Der BFH gab dem FA in weitem Umfang Recht.
2. Entscheidungsgründe
2.1 Teilwert-Abschreibung
Hinsichtlich der Teilwert-AfA auf die Darlehen an die ausländischen Tochtergesellschaften kommt danach eine außerbilanzielle Hinzurechnung gemäß § 1 Abs. 1 AStG in Betracht. Nach der bisherigen Rechtsprechung des BFH wäre die Sache noch anders gelaufen.

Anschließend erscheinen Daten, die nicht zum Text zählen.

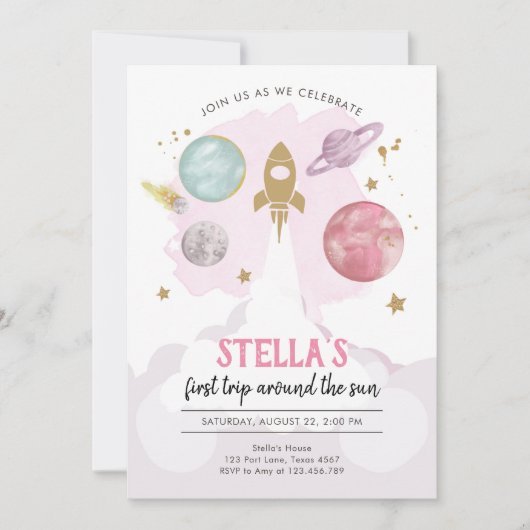 Extra-Space Planets Invitation pour la première an (Devant)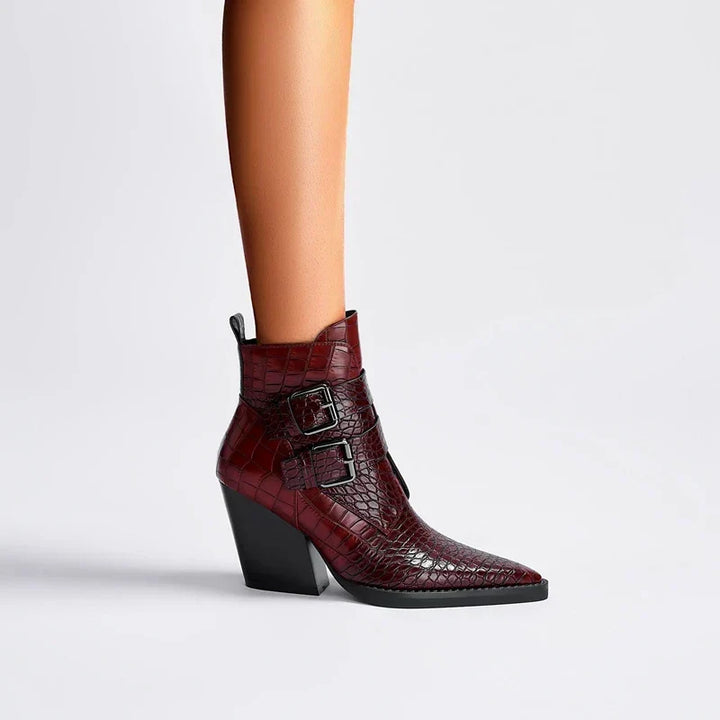 Women's Ankle Boots | Textured Upper Buckle Design | Casual Footwear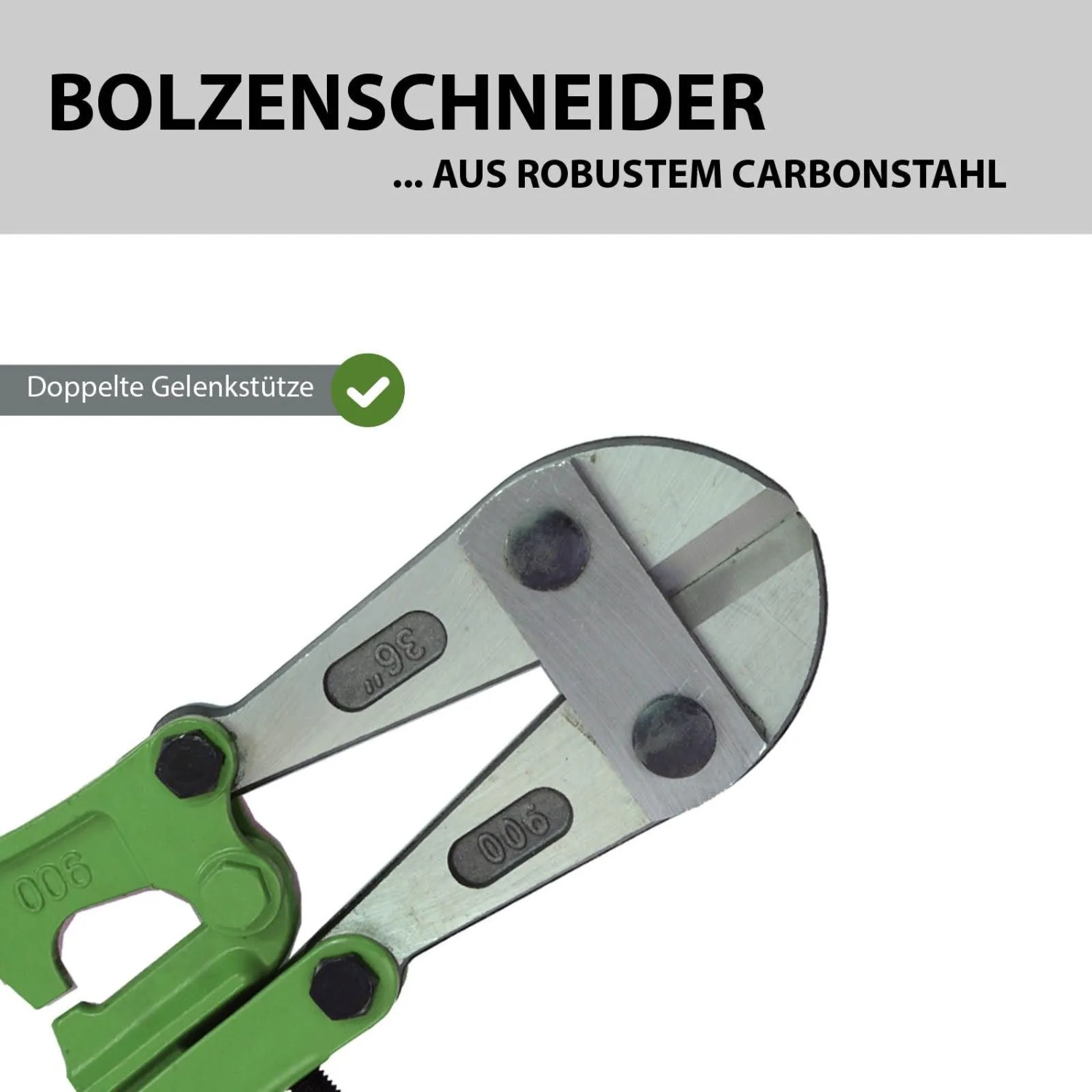 Nahaufnahme: TRUTZHOLM Bolzenschneider 900 mm mit gehärteten Backen.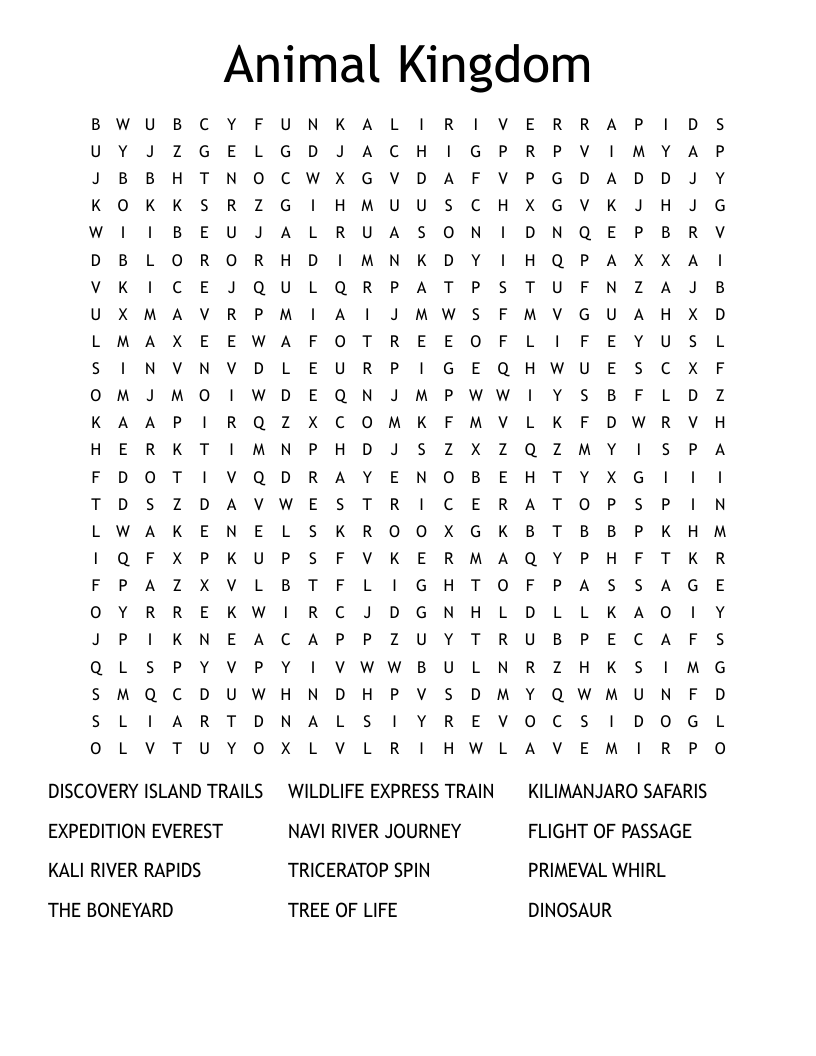 Animal Kingdom Word Search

Bislang sollte eine Korrektur der Einkünfte nach § 1 Abs. 1 AStG lediglich dann möglich sein, wenn der zwischen den verbundenen Unternehmen vereinbarte Darlehenszins seiner Höhe nach dem Fremdvergleichsmaßstab nicht standhält. Auf eine Besicherung konnte bei Darlehen innerhalb eines Konzernverbunds nach den Grundsätzen des sog. „Rückhalts im Konzern“ verzichtet werden. An dieser großzügigen Rechtsprechung hält der BFH nicht mehr fest.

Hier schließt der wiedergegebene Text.